→ **ABOUT THIS EXERCISE**
Transcribe the listing below exactly, without pictures.

→ **MATERIAL PROVIDED**
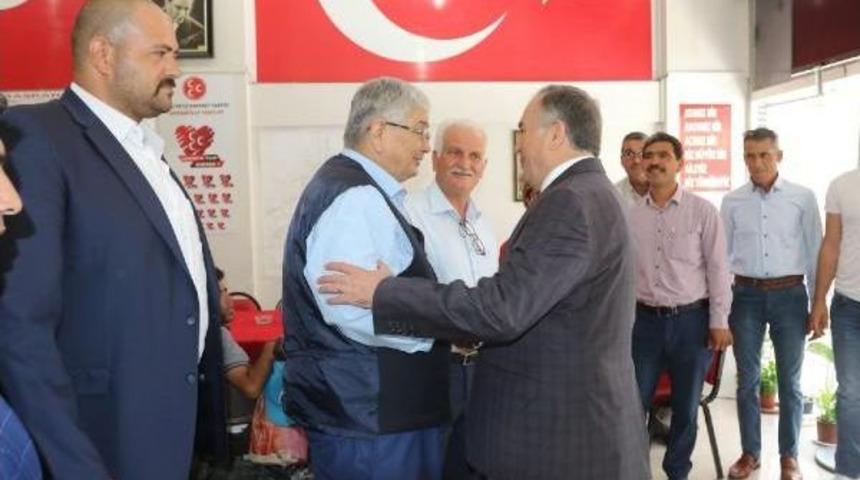 Mhp'li Ak&ccedil;ay'dan M&uuml;fredat Eleştirisi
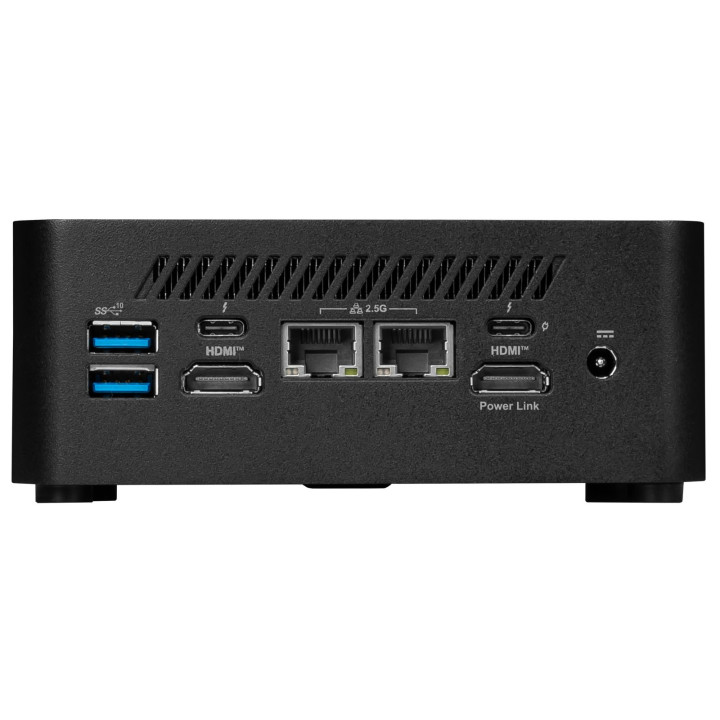MSI CUBI NUC CORE 7 150U 16GB 1TB PCIE SSD WIN11P 2LAN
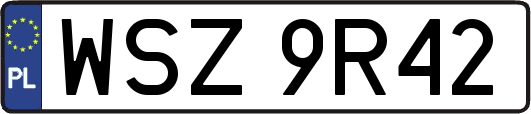 WSZ9R42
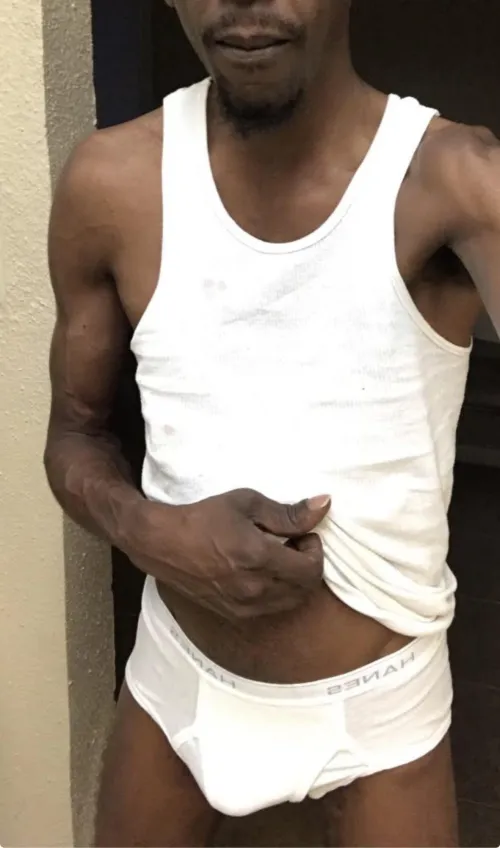 Comin thru n my white drawlz by Slim_goody45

→ **OUTPUT FOR THIS EXERCISE**
 Mhp'li Ak&ccedil;ay'dan M&uuml;fredat Eleştirisi
MSI CUBI NUC CORE 7 150U 16GB 1TB PCIE SSD WIN11P 2LAN
 WSZ9R42
 Comin thru n my white drawlz by Slim_goody45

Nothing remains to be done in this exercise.